第95話 全体コラボのための全体コラボ①

 お料理配信こと全体コラボは八月中旬を予定しており、チャットでの意見交換を経て夏野菜カレーを作ることに決まった。

 必要な材料は事務所が用意してくれるらしく、あたしたちがやるべきことは具材を決めて連絡するだけとなっている。

 この相談もチャットで済ませるつもりだったんだけど、スケジュールの変更によってコラボ前に全員の予定が合う日が生まれ、せっかくだから通話をつないで配信しようという話になった。

全員が参加する以上、これも立派な全体コラボと言える。


「みんな、こんユニ~! 説明が少し長くなりそうだから、とりあえず自己紹介から始めるよ! デビュー順によろしく!」


 あたしのチャンネルで配信するということで、司会というほど大げさなものではないけど、トークを回す役を担う。

 最近こういう役回りが増えてきたこともあり、なんとなく慣れてきた気がする。


「ごきげんよう、豚共! 皇エリナよ!」


「こんばんはー、栗夢シャテーニュだよー」


「闇神ミミですっ」


「ネココにゃんっ」


「ふっ」


 わずか一分にも満たない時間で、五人の自己紹介が終了した。


「いやいや、簡潔すぎるでしょ! 後になるにつれて短くなってるし、スノウちゃんに至っては自己紹介なのに名乗ってもいないよ!?」


 あまりにも省略されすぎた自己紹介に、ツッコまずにはいられない。


「早く本題に入った方がいいかと思って短くしたのよ。でも、アタシはもう少し短くするべきだったわね。反省するわ」


「反省しなくていいよ! 初見さんもいるかもしれないし、むしろもう少し長くして! でも気遣いはありがとう!」


 コメント欄を見ると、あいさつ以上の割合で自己紹介へのツッコミが溢れている。

 他の四人にもいろいろ言いたいことはあるものの、それこそ本題へ移る前に一時間ほど使ってしまいそうなので、ここは心の中に留めておく。

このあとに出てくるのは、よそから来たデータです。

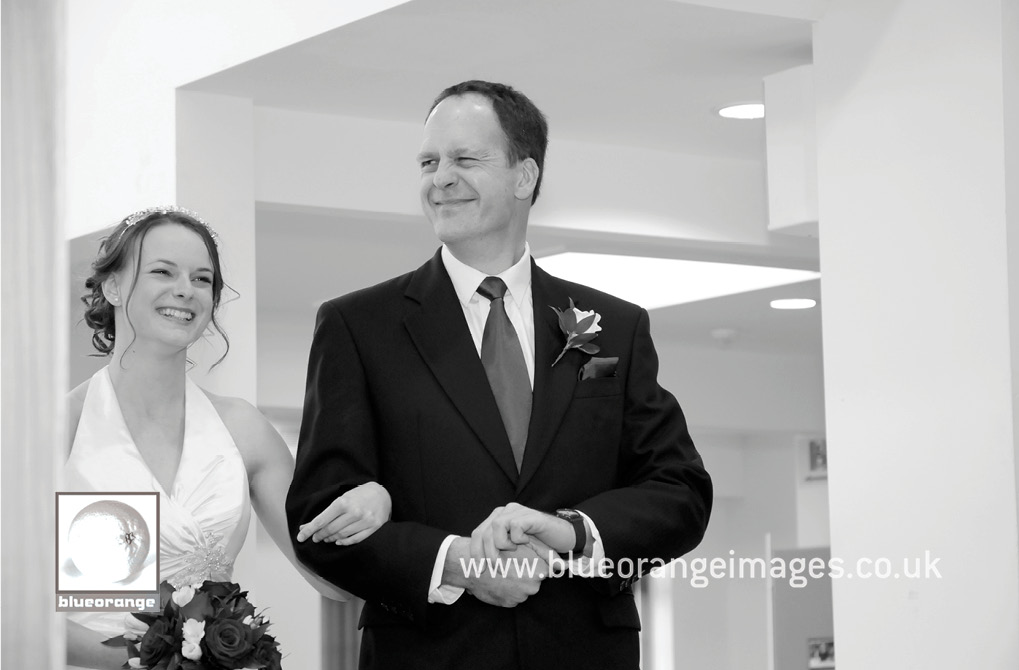 Grace and father entering the church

「前に告知した通り、八月中旬に全体コラボ――みんなでお料理配信をすることになってるよね。それで、メンバーで話し合った結果、夏野菜カレーを作ることに決定しました!」


 言い終わると同時に、いつもお世話になっている盛り上げ用のSEを鳴らす。


「この配信では、どんな食材を使うか決めるための話し合いをするんですよね」


「その通り! 玉ねぎと人参とじゃがいもは確定として、全員で意見を出し合って中身を決めるよ! リスナーさんのコメントも参考にさせてもらうから、おすすめの具材があればコメントしてね~」


『ポテチ』

『唐揚げ』

『厚揚げ』

『フカヒレ』

『ピーナッツ』


 まるで示し合わせたかのように、参考にならない品がコメント欄にどんどん流れてくる。

 それともあたしが知らないだけで、意外と夏野菜カレーの具材として人気だったりするのだろうか。

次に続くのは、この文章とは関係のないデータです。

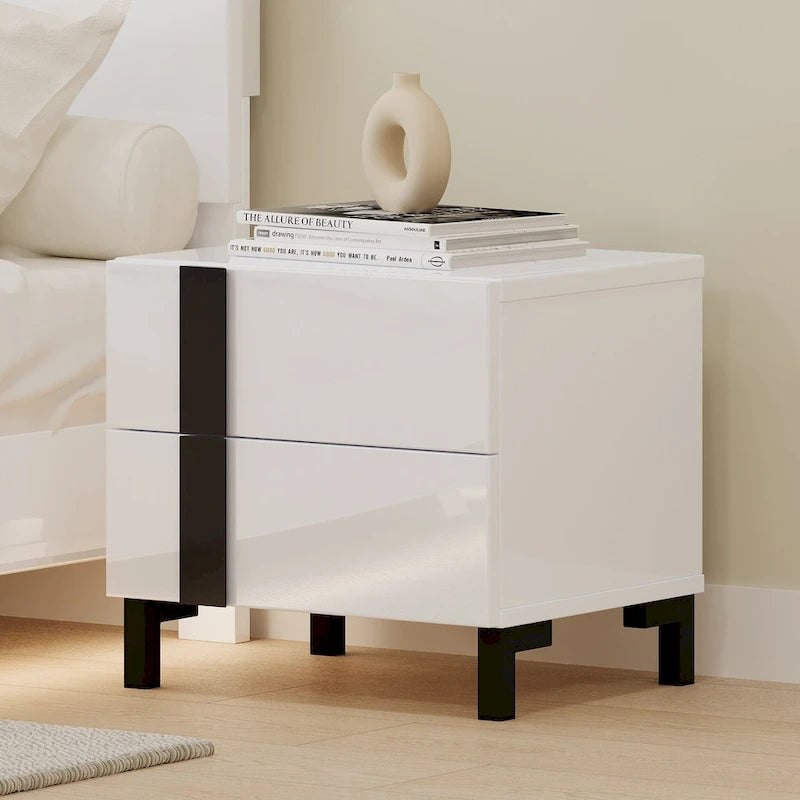Modern High Gloss 3-Piece Bedroom Set Floating Bed Frame Queen Size Platform Bed with LED Light & 2 Nightstands, White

 パッと目に付いた中だと、唐揚げはトッピングとしてなら見たことがあるけども。


「なるほどー、斬新な意見が多いねー。ポテチ入りのカレーっておいしいのかな?」


「いくら原材料がじゃがいもでも、カレーの具材としては無しだと思うわよ」


「だよねー」


 一期生の二人が微笑ましいやり取りを交わしている間にも、夏野菜とは無縁の品々がコメントで送られてくる。

 もし今後闇鍋をする機会があれば、その時は迷わずリスナーさんに意見を求めるとしよう。